Lichtig, for one, could GAF about voices. Wearing the mantle of editorial authority, he only seeks to ease our worried minds. “We [editors] notice the gender divide,” he writes. “We think and talk about it regularly. And it is, I think, this awareness that is key to things changing.”

Reader, I humbly submit to you, here towards the end of an essay that has long since surpassed take-level meta, that awareness is not the key to change. Awareness is an abstraction, or worse, an illusion. Sometimes, as in MacDonald’s piece, awareness is wielded as both a talisman and a weapon—and then it’s closer to a lie. I guess it’d be one thing if it only powered bloated blog posts and ill-considered essays, but the sad historical fact is that it permeates everything from editorial policies to dismissive emails and tweets—all manner of communiqués, public and private, from people with cultural capital who earnestly believe themselves to be proponents of change. It is, to use Lichtig’s word, casual sexism and racism, and it is often culturally and institutionally supported, if not explicitly endorsed.

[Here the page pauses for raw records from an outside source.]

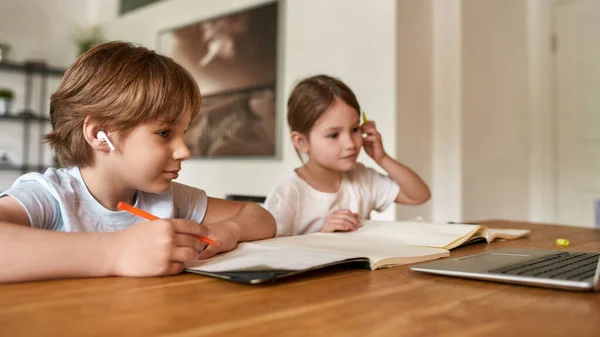 Adolescente crianças pequenas estudar on-line no computador em casa — Fotografia de Stock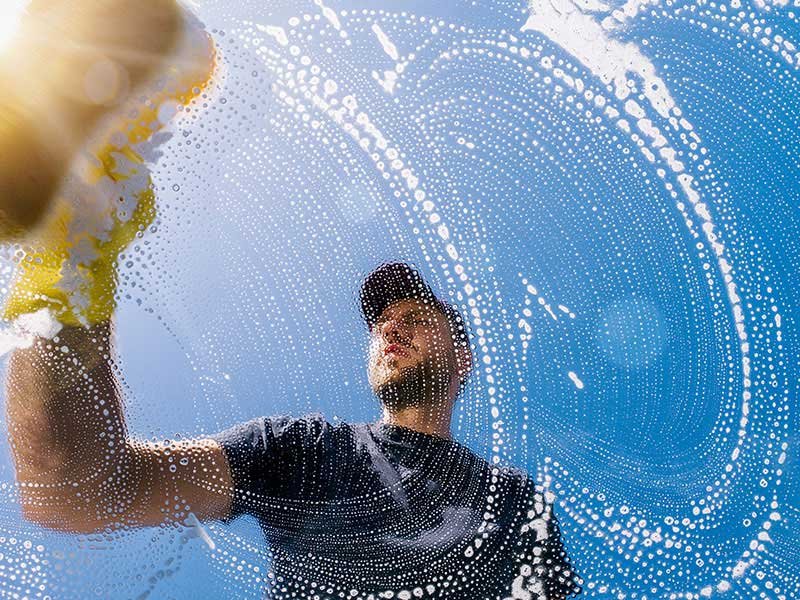 Cleaner washing glass surface from outside with soapy water.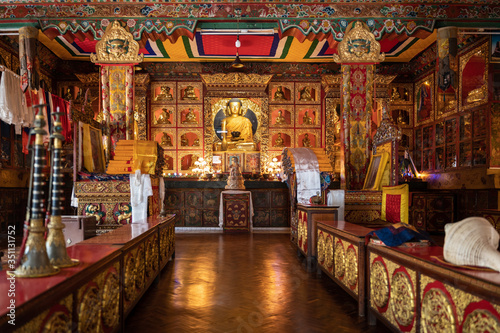 Gompa of one of the Buddhist monasteries, Tibetan Buddhism. A gilded buddha is visible on the altar, in the foreground ritual musical instruments - gyaling and dunkar.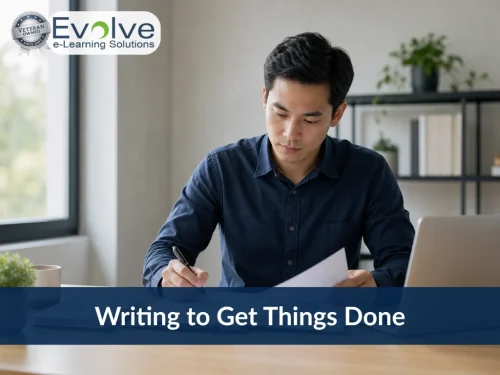 Man writing at a desk next to a laptop. Evolve e-Learning Solutions: Writing to Get Things Done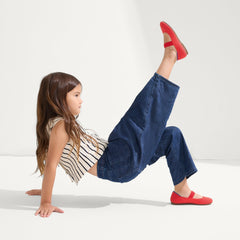 hover | Model wearing The Kids Mary Jane in Glamour Red.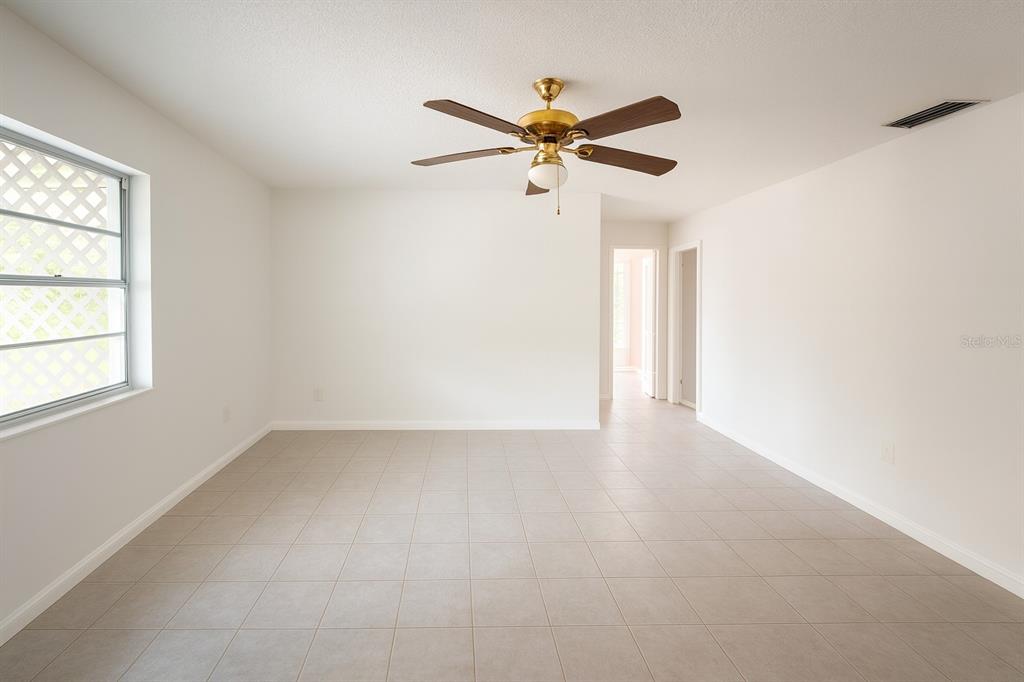 2871 West Albatross Road Avon Park, FL 33825 - Photo 7 of 11 a view of an empty room with a window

Back to MacDonald’s post. “If you have been reading my writings for any amount of time, you know that I’m a fan of multicultural diversity, and of multiple viewpoints and creators of every sex, religion, creed, race and sexual orientation getting a chance to tell their stories,” she writes. “I’m also a huge fan of cultural context for stories that examine how the preconceptions of a work of art are reflected in the execution. But I never want to see these criticisms used to PROACTIVELY SILENCE ART.”

Those capital letters are the author’s, and they are used throughout her screed, along with boldface and incredulous subheadings, to convey her utter indignation that people started a conversation about cultural appropriation in some comic she has officially deemed OK. Like Lichtig, MacDonald frequently describes critique as violent attack. She casts critics of MSBC as enemies of good art and bullies who “silenced” its creators. And even as she ascribes to them this incredible power, she mocks them as overly sensitive, irrational people whose claims are no more than “hurt feelings.” This rhetorical hypocrisy will sound familiar to anyone who has a passing familiarity with indie comics criticism. Political correctness is killing comics, or so they say. What it amounts to is a bunch of hubbub that sounds like it’s supporting diversity, but works diligently to protect the status quo. And what is getting lost—and, worse, derided—are the actual voices that were marginalized in the first place.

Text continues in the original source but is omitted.